The White House will likely ask more countries to drop their digital services taxes as part of ongoing trade talks, a senior Trump administration official said Monday after Canada rescinded its DST over the weekend.
“My expectation is that the digital services taxes around the world will be taken off, and that that will be a key part of the … ongoing trade negotiations that we have,” National Economic Council director Kevin Hassett said on CNBC’s “Squawk on the Street.”
The remark from one of President Donald Trump’s top advisors came the day after Canada walked back its DST in order to “advance broader trade negotiations” with the United States.
That reversal — just hours before the first collection under the new tax was due — came on the heels of Trump’s surprise threat Friday to terminate all trade talks with Ottawa as long as the DST remained in place.
Negotiations with the U.S. have resumed, Canada said, since it scrapped the tax. Trump and Canadian Prime Minister Mark Carney now aim to strike a trade deal by July 21, according to a Sunday statement from the Department of Finance in Ottawa.
“I’m very pleased to see that Canada is removing its DST, which means that we didn’t have to put in this really complicated retaliation to the tax code,” Hassett said Monday morning.

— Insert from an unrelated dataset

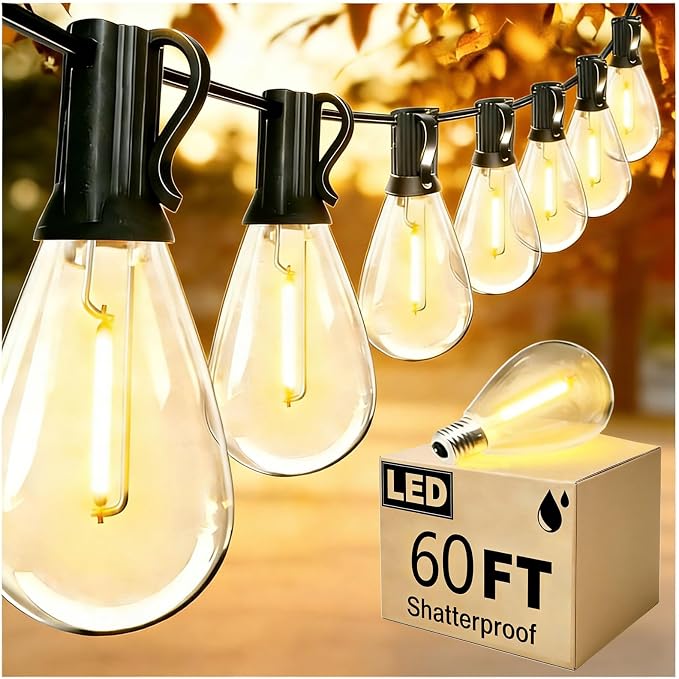 REEMEER 60FT Outdoor String Lights S11 LED Patio with 17 Plastic Bulbs(1 Spare),Waterproof Connectable Hanging Lights for Backyard Porch Balcony Party Decor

“But you could expect that countries that have digital sales taxes of the future are going to be facing the wrath of [U.S. Trade Representative] Jameson Greer” over “these unfair trade practices,” Hassett said.
In a little over a week, the Trump administration faces multiple self-imposed trade deadlines, when steep U.S. tariffs on a number of countries are set to restart.

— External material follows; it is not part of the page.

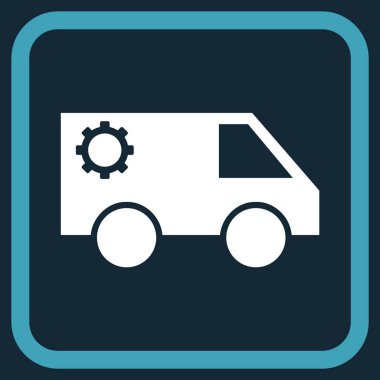 Hizmet araba vektör simgesi bir çerçeve içinde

Hassett said he believes the U.S. has “frameworks” for “a whole number of deals” that will be agreed to shortly after a major Trump-backed budget bill is passed through Congress.

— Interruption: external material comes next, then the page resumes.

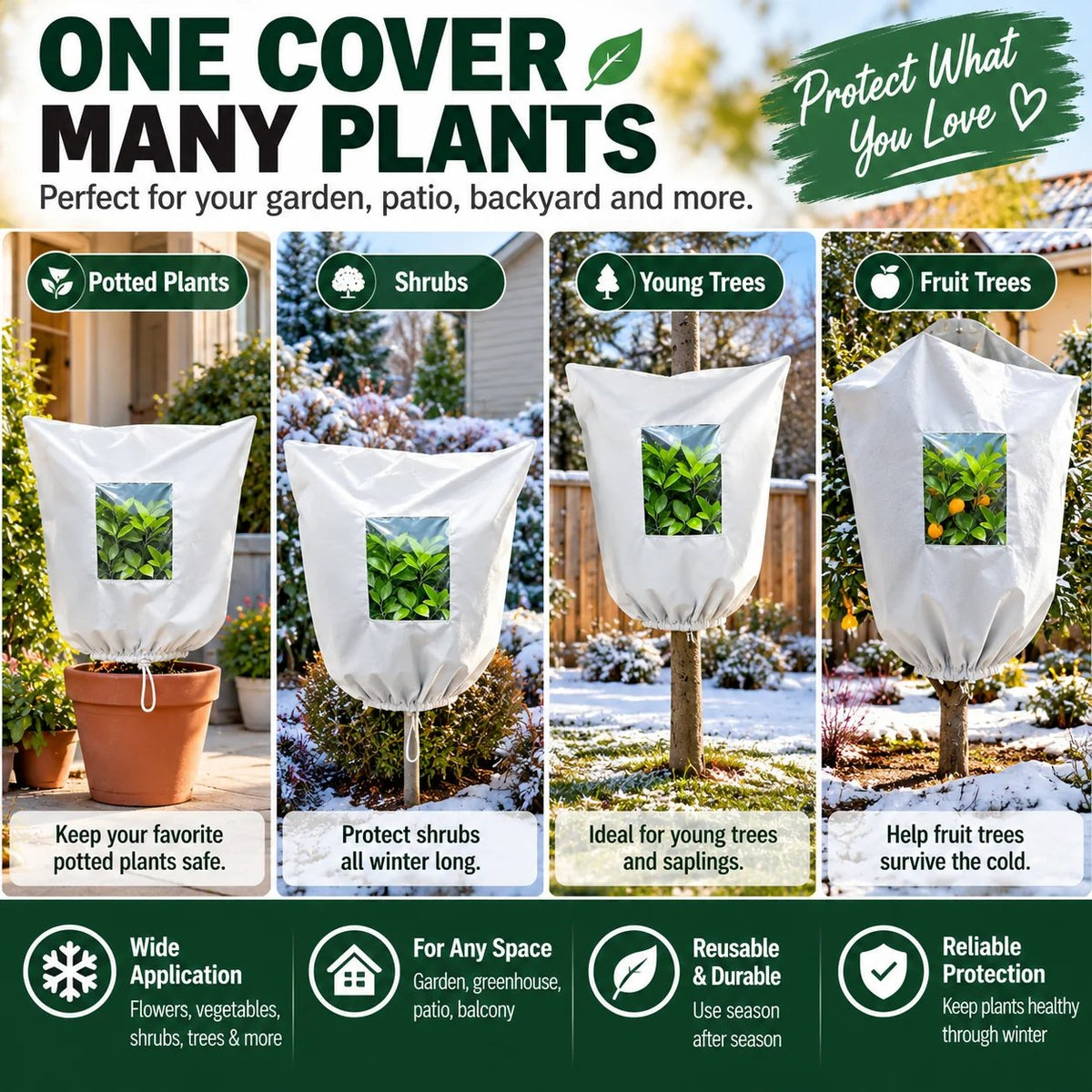 WINTER GARDEN ESSENTIAL | Plant Frost Protection Cover Breathable Reusable Cover for Shrubs, Pots & Young Trees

The Trump administration is eager for the GOP-controlled House and Senate to pass a final version of the massive tax-and-spending legislation and send it to the president’s desk before Friday.
If that happens, Hassett predicted that there will be a “marathon session” in the Oval Office in which Trump and his aides will tick down a list of countries and make final calls on U.S. tariff rates for each.
It is unclear whether Trump will stick to the July 8 and 9 tariff deadlines. “We can do whatever we want,” he said when asked last week about whether he would stick with one of those dates.